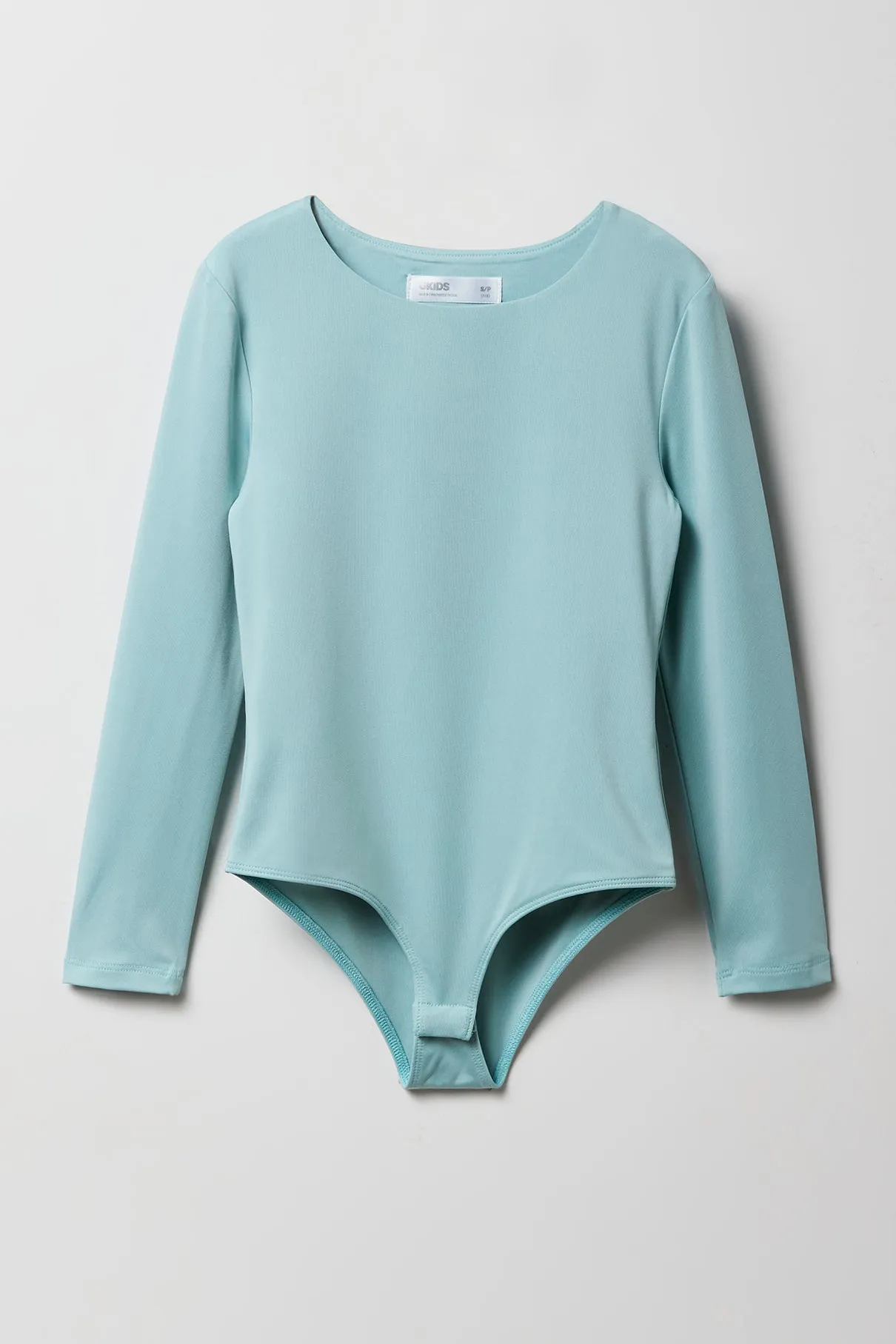 Girls Smooth Long Sleeve Bodysuit sold by Urban Planet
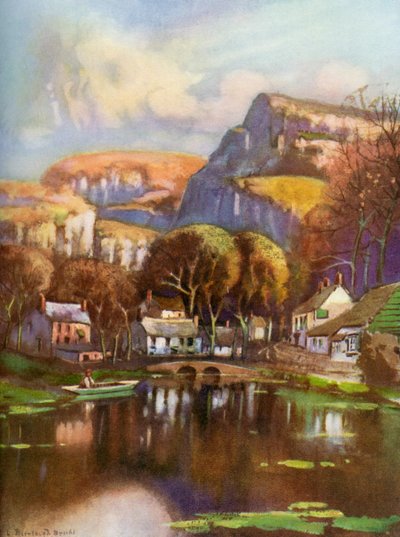 Cheddar Gorge, Somerset, 1924-1926. de Louis Burleigh Bruhl
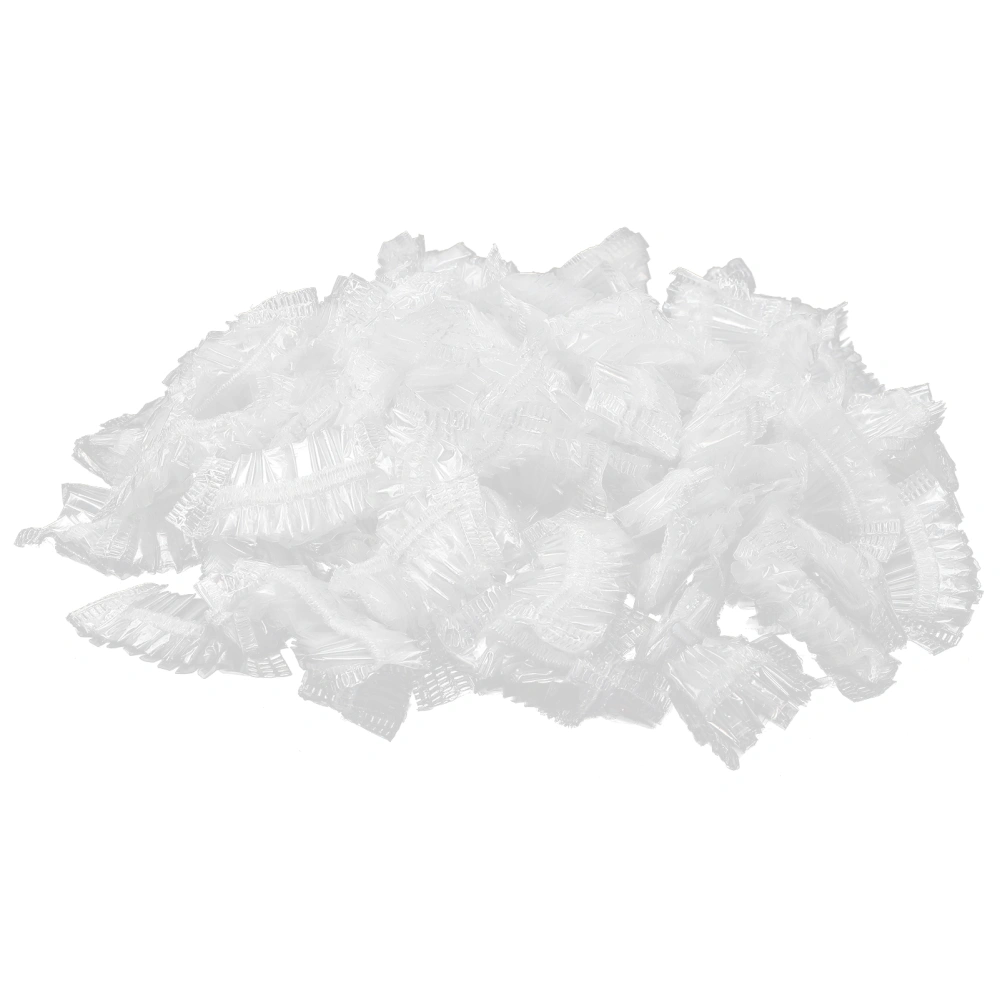 200 Pcs Disposable Clear Ear Covers Waterproof Ear Protector Elastic Ear Cover for Hair Dye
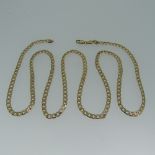 A 9ct gold curblink Chain, 85cm long, approx weight 21.6g.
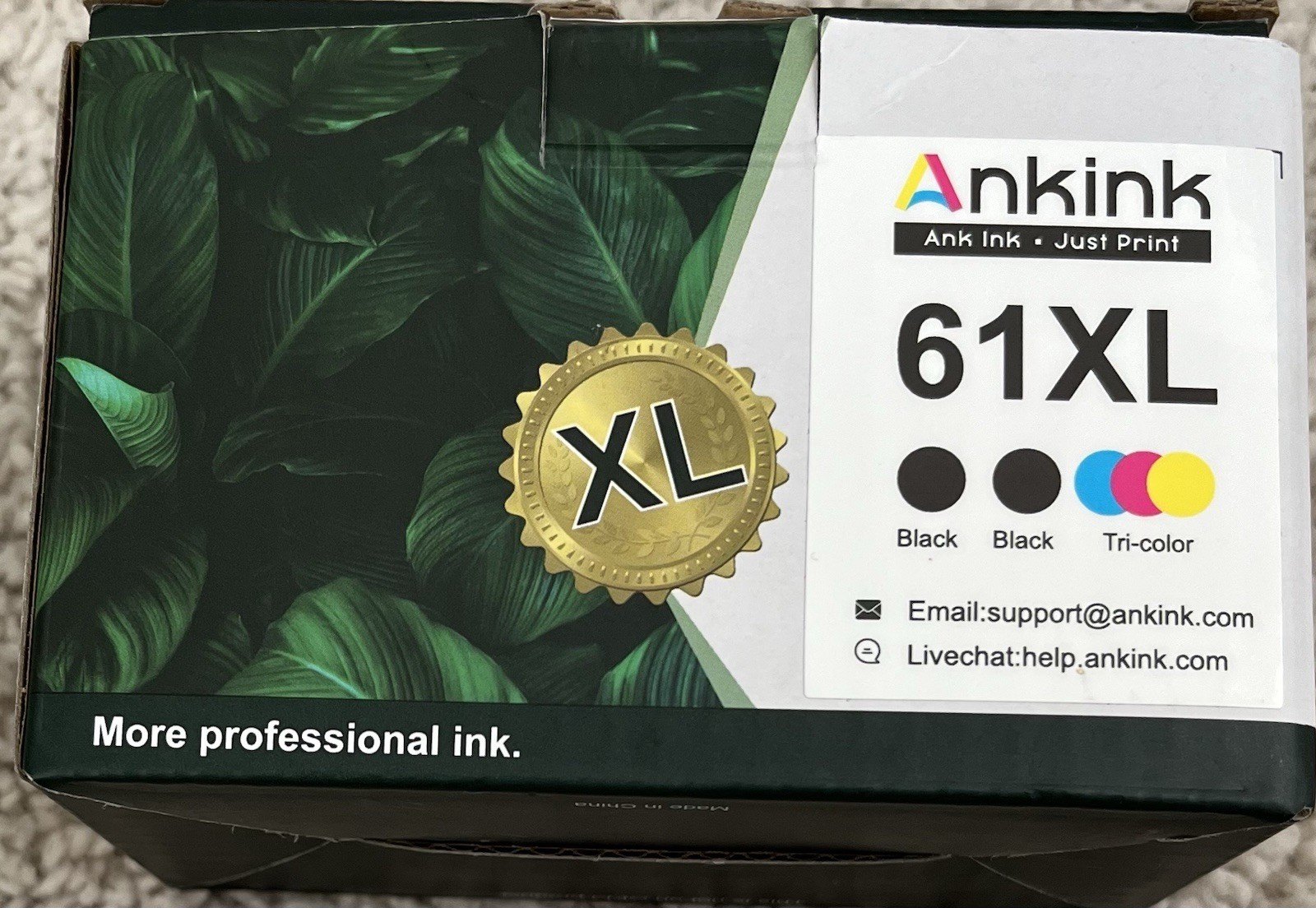 Ankink Ink Cartridges 61XL Black and Tri-color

TASK DIRECTIONS: All of the records above should be reproduced exactly, with the pictures left out.

ANSWER BOX:
 Girls Smooth Long Sleeve Bodysuit sold by Urban Planet
 Cheddar Gorge, Somerset, 1924-1926. de Louis Burleigh Bruhl
 200 Pcs Disposable Clear Ear Covers Waterproof Ear Protector Elastic Ear Cover for Hair Dye
 A 9ct gold curblink Chain, 85cm long, approx weight 21.6g.
 Ankink Ink Cartridges 61XL Black and Tri-color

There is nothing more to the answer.